Mining of Massive Datasets, free from Stanford.

http://infolab.stanford.edu/~ullman/mmds.html

Bayesian Reasoning and Machine Learning, by Barber, free available online.

http://web4.cs.ucl.ac.uk/staff/D.Barber/pmwiki/pmwiki.php?n=...

Learning from data, by Abu-Mostafa.

It comes with Caltech video lectures: http://work.caltech.edu/telecourse.html

Pattern Recognition and Machine Learning, by Bischop

http://research.microsoft.com/en-us/um/people/cmbishop/prml/

Also noteworthy

Information Theory, Inference, and Learning Algorithms, by Mackay, free.

http://www.inference.phy.cam.ac.uk/itprnn/book.html

Classification, Parameter Estimation and State Estimation, by van der Heijden.

http://prtools.org

Computer Vision: Models, Learning, and Inference, by Prince, available for free

http://www.computervisionmodels.com/

Probabilistic Graphical Models, by Koller. Has an accompanying course on Coursera.

syvlo
If you can afford it (both financially and regarding math background), Bishop is a really great choice. Almost everything you need to know is in it. I have it and just love it!

But he goes quite deep in the mathematical explanations (which is a great point, there is no better way to learn and understand) meaning you have to be willing to work on your math for this book.

simplekoala
There was post on HN of a blog post link which contained a list of all free machine learning/data mining books. Wondering, if someone can post the link to it. I am unable to find it through search.
craigching
This one?

http://christonard.com/12-free-data-mining-books/

simplekoala
yes, yes. Thanks!
gtani
or this which includes good backgrounders on lin.alg, probability and stat,

http://www.reddit.com/r/MachineLearning/comments/1jeawf/mach...

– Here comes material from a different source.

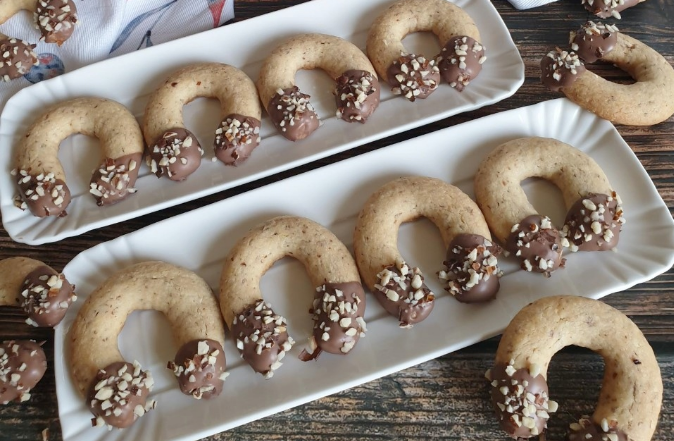 Biscotti ferro di cavallo alle mandorle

Or http://www.electronicsforu.com/newelectronics/articles/hitsc...

this is an excellent review (but doesn't cover books by Mohri, Rostamizadeh, Talwalkar and Abu-Mostafa , Magdon-Ismail, Lin: http://www.amazon.com/review/R32N9EIEOMIPQU/ref=cm_cr_pr_per...

Yep, Pattern Classification by Duda, Hart and Stork:

http://www.amazon.com/Pattern-Classification-2nd-Richard-Dud...

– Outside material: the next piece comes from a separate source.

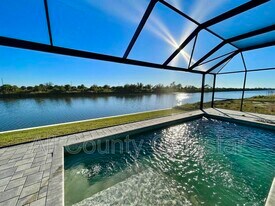 10688 McAlester Cir in Port Charlotte, FL - Building Photo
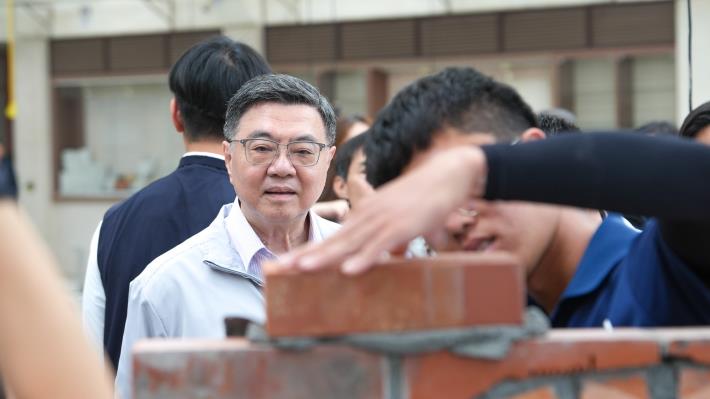 圖4行政院卓榮泰院長(左1)聽取代表我國參加第48屆國際技能競賽砌磚職類國手施勝華(右1)施作砌磚體驗活動_Instructions for literal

It is very pragmatic, including algorithms for many machine learning and artificial intelligence topics (from fitting functions for classification or regression purposes to search processes). The authors have a strong industrial background (in addition to the academic).

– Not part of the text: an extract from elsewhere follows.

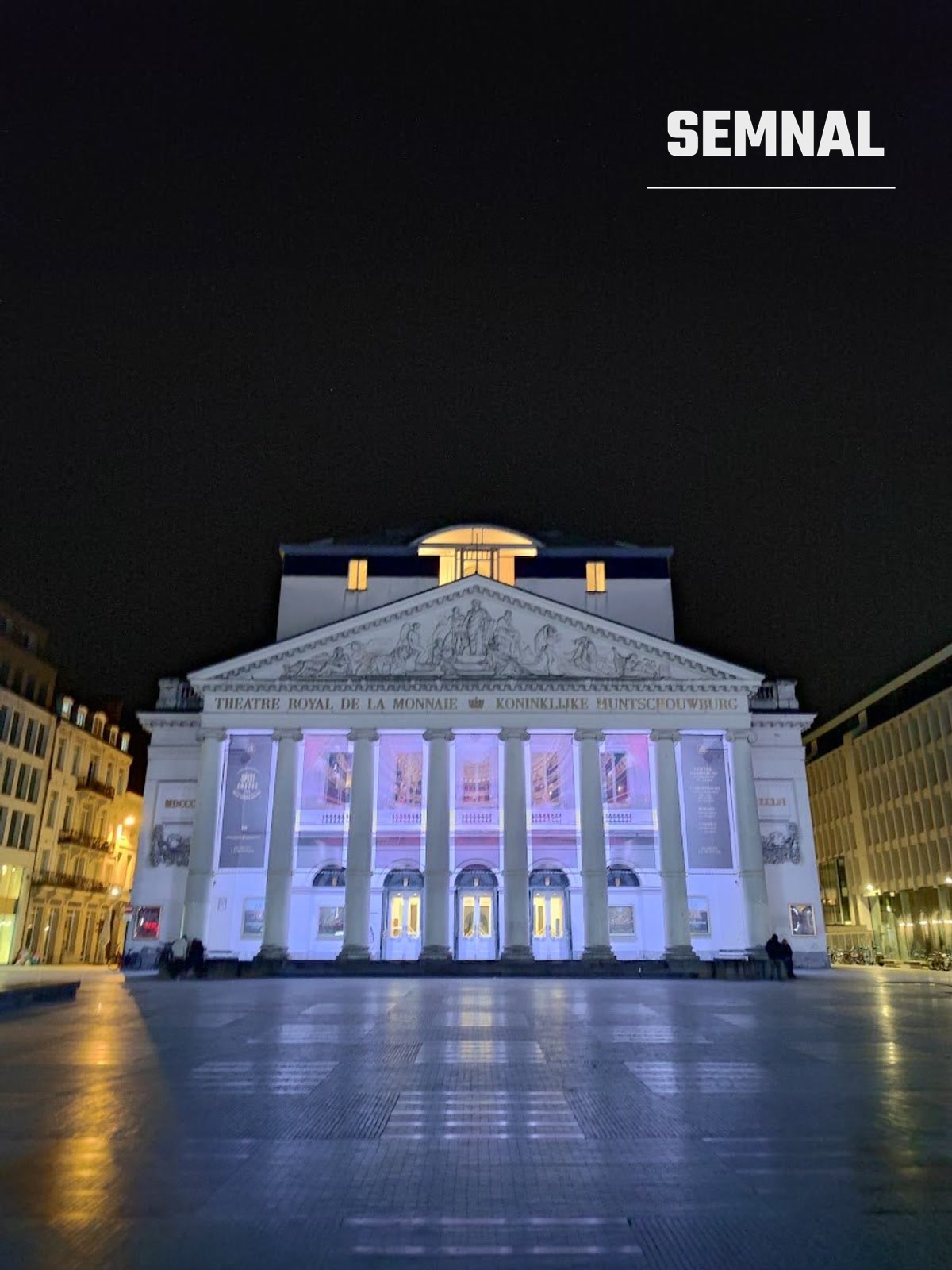 Fațada Teatrului Regal de la Monnaie, iluminată seara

A great textbook as an intro is by Duda and Hart, Pattern Classification. http://www.amazon.com/Pattern-Classification-2nd-Richard-Dud.... Its pretty well written and gives a good overview of the main techniques. If you want a bit more theory, try Cherkassky and Muller, "Learning from Data".http://www.amazon.com/Learning-Data-Concepts-Theory-Methods/ Has a good overview section on statistical learning theory. And also, take WEKA and just play with it.Its nice to just check what works and what doesn't.
phektus
These are great books, thanks! Haven't heard of WEKA but it sure looks pretty nice, must like like MLDemos?